07-11-2013 12:14 PM
Does anyone have any tips on using Text Topics to discover themes for a small amount of lengthy documents?
I have 25 documents. Each have about 35 subsections across 4 main sections. A subsection is usually a couple paragraphs on average. One of the documents is 205K characters. The smallest is 20K. Most hover around 70K.
My goal is to look for similarities across documents and/or sections and/or subsections.
Text Topic is likely the node of choice.
Has anyone had any experience using TM on a small data set like this? Is the exercise futile? Does anyone have any suggestions?
08-01-2013 01:34 PM
I do not see any problem with the number of documents. Depends on your objective. If you are trying to identify similarities between sub-sections, then write a small code to extract each sub-section and treat it as a single document. That will give you enough observations (documents): 25*35.
If all your documents follow a standard template then you can easily use PERL regular expressions to extract each sub-section and create a new data set with sub-sections as records.
08-02-2013 12:39 PM
I appreciate the follow-up. That's what I ended up doing was breaking things down by subsections. I get much better results this way. You hit the nail on the head with "Depends on your objective". Once I stood back to look at the main objectives, it became much clearer on how the data could be reshaped for analysis.
08-02-2013 01:03 PM
08-02-2013 04:02 PM
For the time being we are focusing on topics.
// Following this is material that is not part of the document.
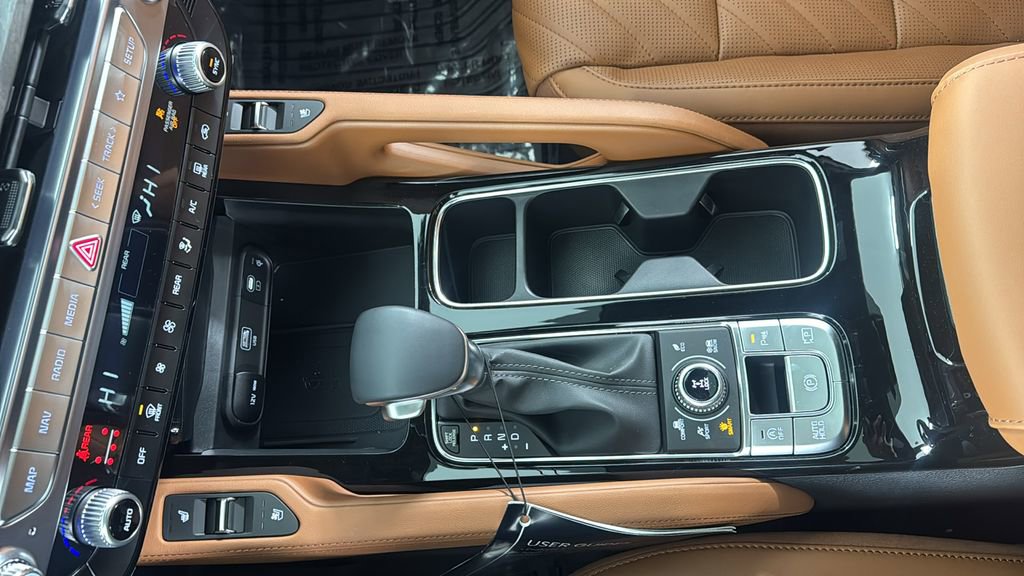 New 2025 Kia Telluride SX X-Line image 29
Originally, I was unsure if the cluster analysis would be beneficial. At that time my data was wide (35 vars, 25 obs). But when I transposed the dataset to treat each document as a variable, I began thinking that clustering may reveal some common themes across the sections - this is one of the objectives of my analysis.
Truthfully, to answer your question, I'd have to say "I don't know".
08-20-2013 12:49 PM
Have you ever tried to run a cluster analysis on text topics? I am trying to come up with a way to identify changes in topics over time and think this may be an approach to consider. But, I am having a hard time figuring out where to start.
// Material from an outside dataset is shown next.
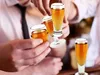 Craft Shots Schnapsgläser 4er Set Barbuzzo Bierglas Form Produktbild-Vorschau 4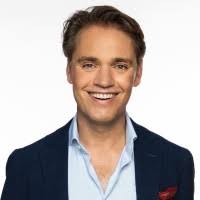 Daniel Meis's Instagram, Twitter & Facebook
I have weekly (could be daily or monthly) collection of documents that I run through SAS Text Miner including the Text Topic node. The end result is a number of multi-term topics identified by SAS Text Miner running unsupervised. I would like to compare one week to another to see what is changing. The Text Topic results show me the topics with the first 5 terms, but I know that there are additional terms in each topic. Could you use these terms (the first 5 or all of them) in a cluster analysis to see how similar they are to the topics generated in the following week?
Is there a more obvious approach that I am missing?
08-20-2013 01:33 PM
Hmmm..using the first 5 terms... One question that comes to mind is What if there is a shift in the use of one term for another, but they are synonyms? The approach might work with a growing synonym list? But this is no longer unsupervised.
You can run, in tandem, the Text Topic and Text Cluster nodes. This will give you your Topics as well as generated SVD values. I'm not an expert with Singular Value Decomposition (SVD), but I have a strong sense that if you want to measure changes in your corpus over time, then a solution might be to use the SVD values (i.e., TextCluster_SVD1, TextCluster_SVD2...TextCluster_SVDn).
This paper might have some similarities to what you want to do: http://www.scsug.org/SCSUGProceedings/2009/Liang_Xie1.pdf
One can brush up on SVD here: http://ftp.sas.com/techsup/download/EMiner/TamingTextwiththeSVD.pdf
and some nice insight here too: http://www.ling.ohio-state.edu/~kbaker/pubs/Singular_Value_Decomposition_Tutorial.pdf
I'd love if you kept us informed about any solutions you apply.
08-20-2013 01:53 PM
Doing cluster analysis on the text topics may not be a good idea if you want to understand the trend in topics. Cluster analysis would group your records and that means solving a different problem.
If I understand your objective correctly, I think you can achieve it by creating user-defined topics rather than trying to track the system-generated topics.
First run text topic node on your first set of comments (Day 1/Week 1/Month1), then look at the multi-term topics. From this you will get a business sense of what topics are generated. If they do not make sense, modify them and create them as user-defined topics.
Say you end up with user-defined topics like,
Topic 1: +big data, +data, database, high, performance
Topic 2: statistics, +models, visual, analytics, data
Once you have your topics, for the remaining time periods, you will have to define user-defined topics same as the topics defined in day1/week1/month1 (as above).
For each time period just look at the frequency of documents for each topic. That should give you a sense of how the topics trend over time.
And I guess this a decent approach to start with.
08-20-2013 05:21 PM
My primary objective is to find new issues in the data - things that we haven't seen before. So, creating user topics won't work because that would only include things that I have seen before in the data.
I was hoping to use the terms identified in the Text Topics node for the comparison. From one time period to the next you would likely see some topics that are exactly the same (5 terms all the same). You would also see some that changed (2 or 3 terms the same) and then some that are totally new terms. I would like to score each of the topics in the new time period based on how it compares to the prior months.
This is just me coming up with a potential solution. There may be another method that I am missing to identify new issues. Any ideas?